Skill challenges are a very tricky part of 4e. They don't sit on the shelf very well next to tactical combat -- they're vague and indistinct where tactical combat is concrete and specific and very well nailed down.

IMO, skill challenges are one of the best innovations in 4e (although they actually predate 4e -- similar mechanics appeared in Spycraft and Alternity, and perhaps other places I never saw them), but their flexibility makes they very difficult to cover in a quick chapter and a few DDI articles.

So, Harlekin says this:
This is a good option, but with two weaknesses:
a) I have yet to run a skill challenge that is as exciting as a real fight.

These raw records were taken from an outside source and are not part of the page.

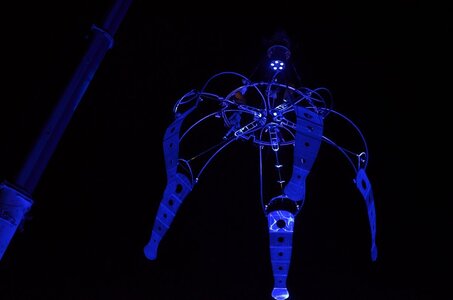 29 Féérie d'hiver Valence 2014, Image012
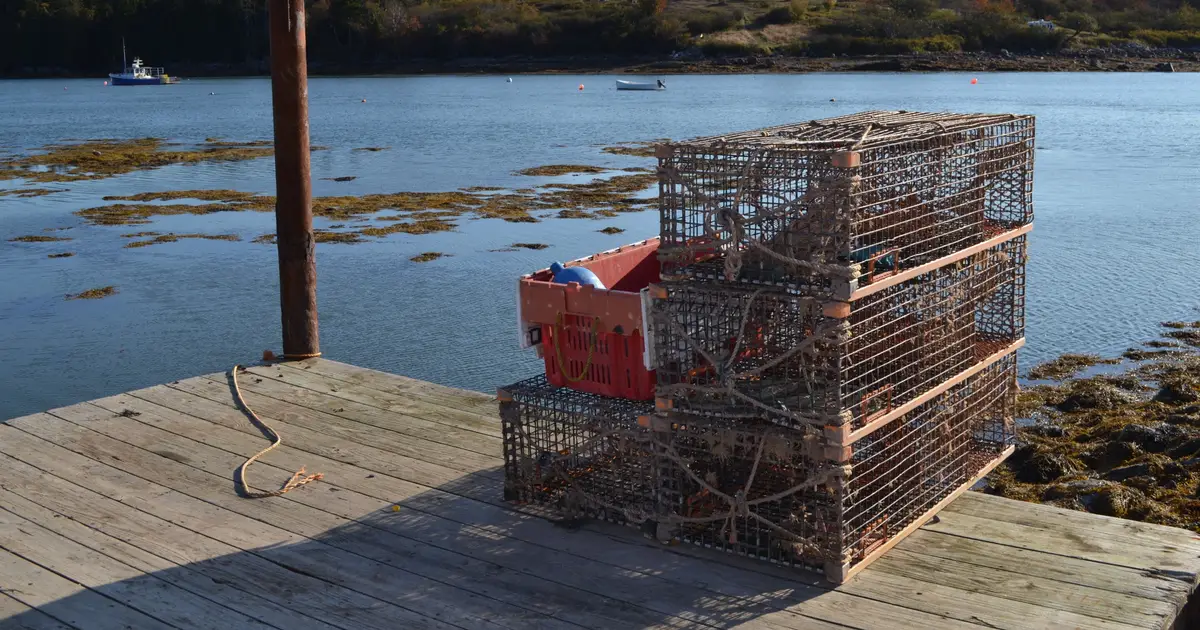Looking back to forecast the future of lobster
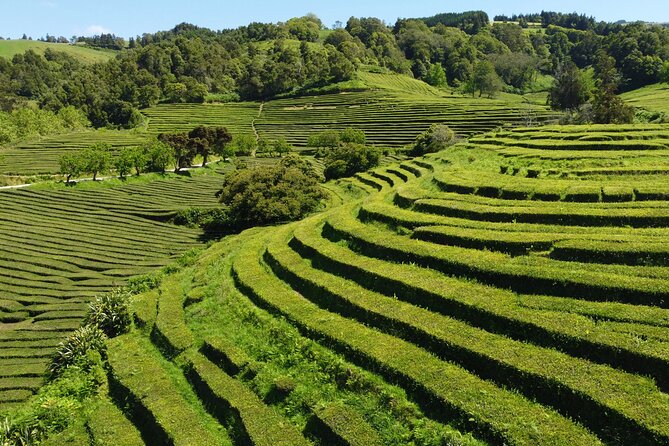 Full-Day Jeep Tour to Furnas - Lunch Options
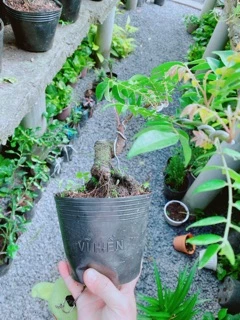 Cây Khế Bonsai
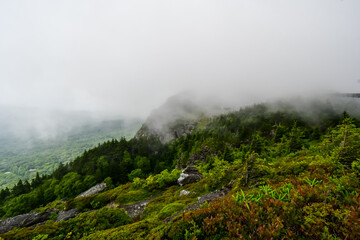Grandfather Mountain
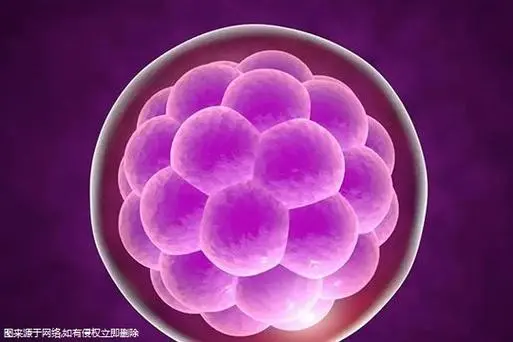 揭曉2024深圳供卵三代試管價格與選擇機構參考標準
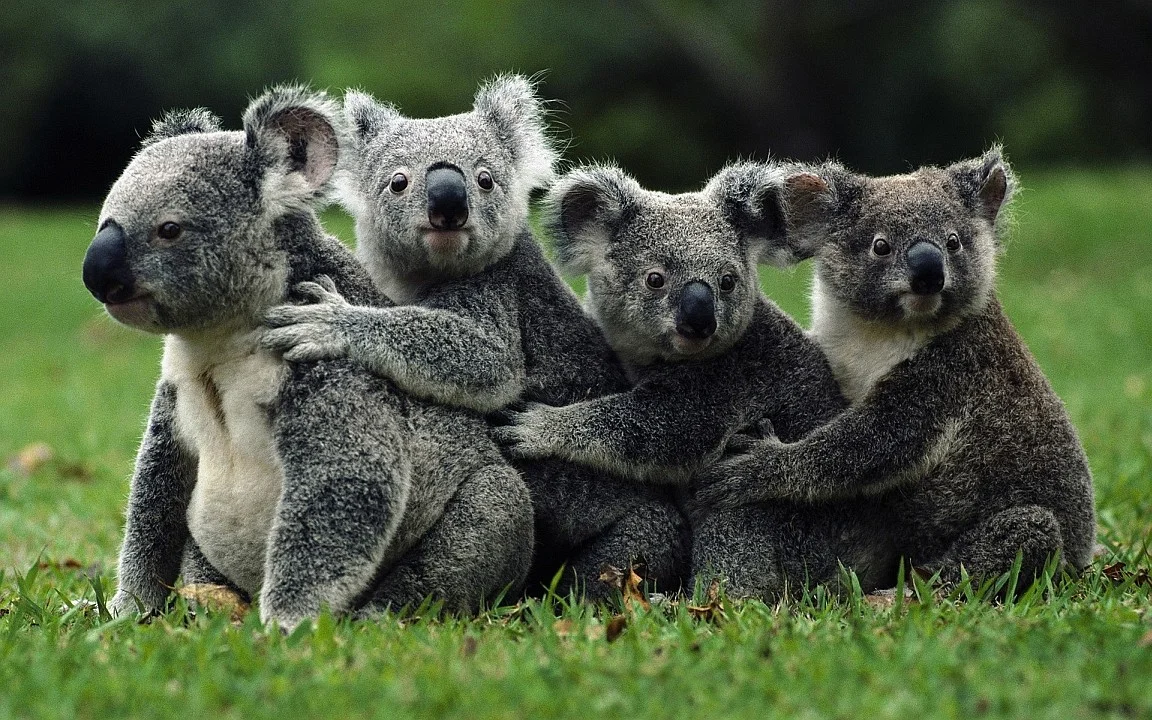 Koala gang.webp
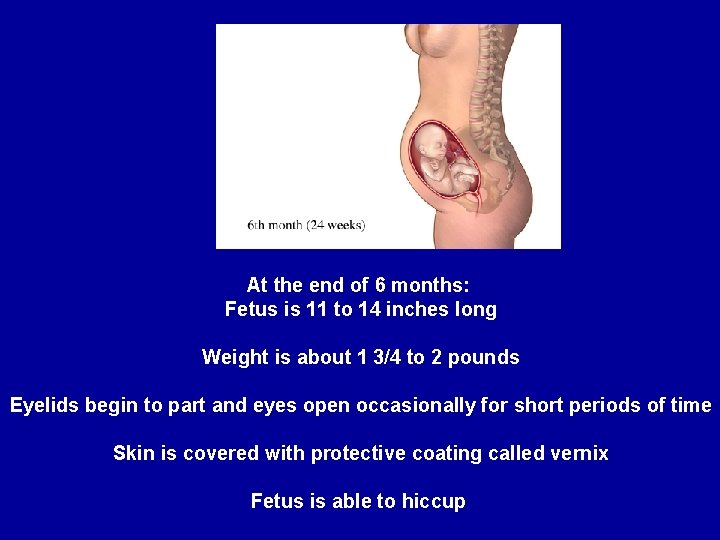 At the end of 6 months: Fetus is 11 to 14 inches long Weight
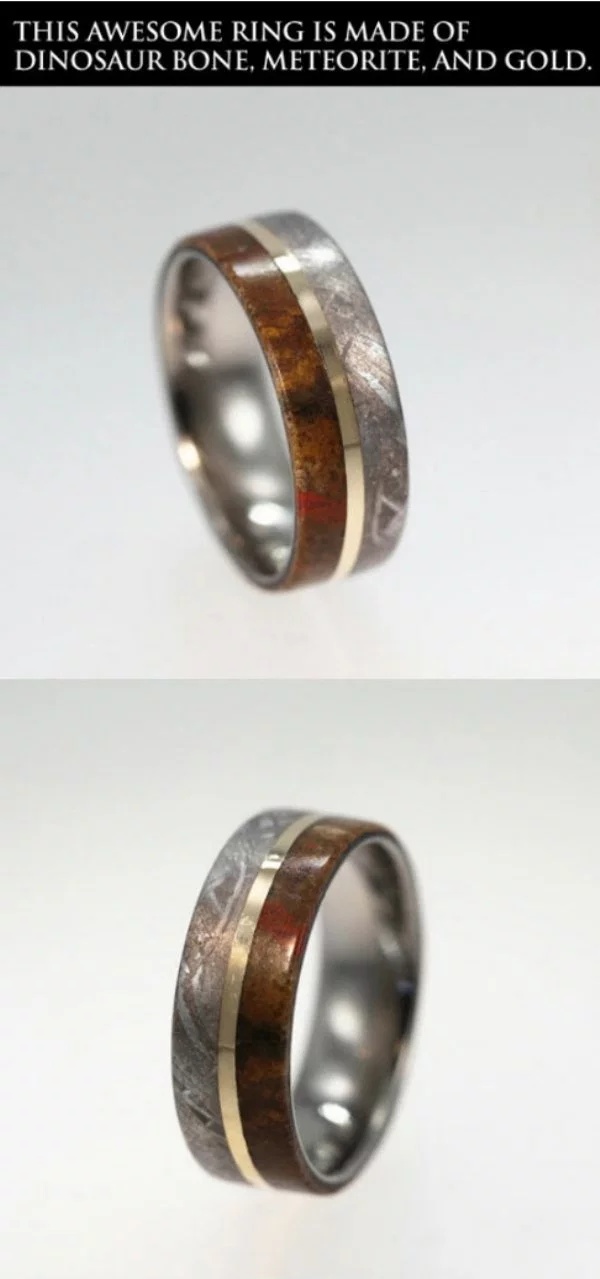 This Awesome Ring Is Made Of Dinosaur Bone. Meteorite, And Gold.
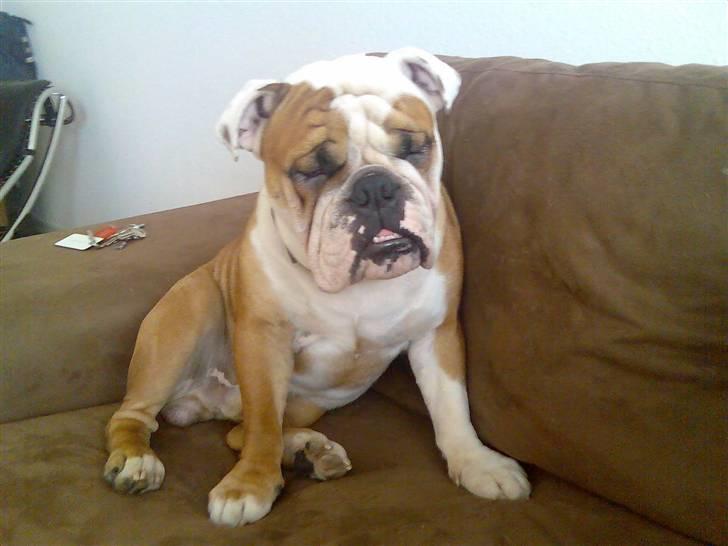 Engelsk bulldog Dolche  billede 4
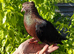 Hand reared archangel baby pigeon!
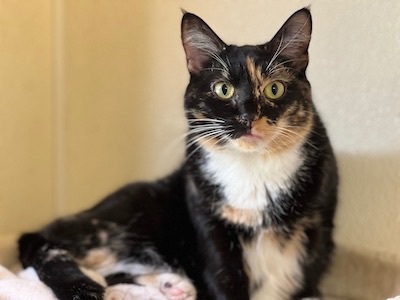 Enlarge Marble, a Adopted Calico in Palmyra, VA image 5/6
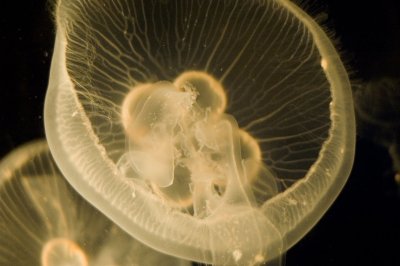 sDSC_4609.jpg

Expecting skill challenges to be as exciting as a real fight is missing the point -- like expecting the halftime show to be as exciting as a real nailbiter of a superbowl. They're different, but that doesn't mean it isn't worth watching the halftime show. (okay, maybe that's an awful analogy -- there's usually no reason to watch the halftime show).

A good Skill Challenge engages the players in the story that connects the "real fights". It should allow the players to make meaningful choices and reward them for paying attention to the "fluff".

Also, as you look at skill challenges, keep a very open mind about how to structure them. One of the key ideas that I don't think they stress often enough is that everything about skill challenges is flexible/mutable.

You may need to think a bit about what sort of "currencies" the PCs can spend in their skill challenges, other than healing surges. Anything you can think of is fair game, but the real kicker is to think long and hard about what it is that the SC is trying to represent, and make sure the mechanics you dream up help create the right feel for that SC.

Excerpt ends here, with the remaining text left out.